An example might be useful for understanding the change in likelihood of choosing an arrowhead model that is implied by the results in Table 2. We'll use arrowhead 4 as the example. Assume that on a particular hunt arrowhead 4 was the one least looked at (3 seconds) and arrowhead 2 was the most looked at (15 seconds). Assume that on another hunt the time looked at arrowhead 4 is now the highest (16 seconds). The learner would be 62.4% (13 units of time at an increased probability of 4.8% per unit of time) more likely to select arrowhead 4 on the second hunt compared to the first hunt.
Note also that participants could look at the success of as many or as few of the five arrowheads as they desired. Therefore, the following results may be attenuated by a participant's failure to look at the prestige information for all arrowheads. For example, it may be the case that a participant looked only at arrowheads 2 and 3 and chose as his or her teacher the maker with the higher prestige or success, but that particular teacher may still have been the third most-prestigious or successful arrowhead maker. Therefore, any effects detected here would be stronger if attenuation were accounted for.
Was Prestige Information More Likely to Be Used After an Environmental Shift?
To test H2, whether there was an increased reliance on the attentional information directly after an environmental shift, the 10 hunts directly after the shift were separated from the other hunts. This cut point was selected through qualitative observation of subjects as they were interacting with the game. Players appeared to have recognized and responded to the environmental shift by 10 turns after the shift. The logistic regressions predicting arrowhead selection were then conducted for both sets of hunts from seasons 2 and 3. A z-test was conducted to determine whether the beta values differed from each other (Paternoster et al., 1998). The results indicate little to no differences (z-score range: 0.91–2.24, one test significant at p < .05).
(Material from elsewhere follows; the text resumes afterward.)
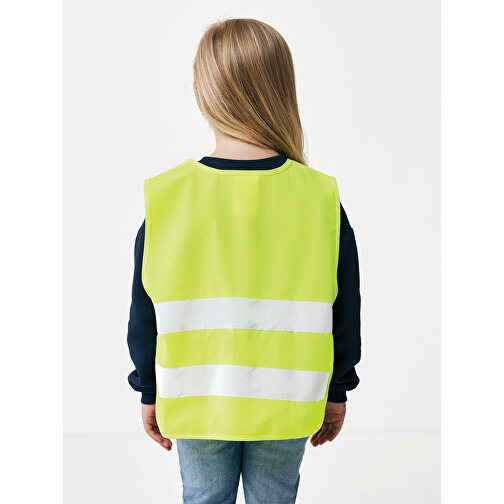 Gilet de sécurité en PET recyclé GRS 3-6 ans, Image 5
When Given the Choice in Season 3, Did Participants Prefer to Use Prestige Information or Success Information?
We tested H3, the relative importance of attention paid and arrowhead success in a learner choosing to learn from a specific teacher, by examining information criteria for three statistical models predicting the arrowhead selected. One model used prestige information (equation 1, Appendix 3), a second used success information (equation 2, Appendix 3), and a third used both prestige and success information (equation 3, Appendix 3).
All three models were tested only in season 3, providing an equal sample size for each model. We followed a model-selection paradigm using Bayesian information criteria (BIC)—a measure of parsimony that rewards a model for explaining more variance and punishes a model for incorporating more variables. A lower BIC value indicates a better fit of the model to the data. Akaike Information Criteria (AIC) were also investigated, and all results are qualitatively identical to the BIC results. The difference between models was insubstantial (see Table 3), indicating that attentional information and success information are equal predictors.
Model criterion comparisons for attention paid and success information in season 3
Note: For BIC and BIC difference, lower numbers are better; BIC weight gives the likelihood of the model being the model truly underlying the distribution given the models provided.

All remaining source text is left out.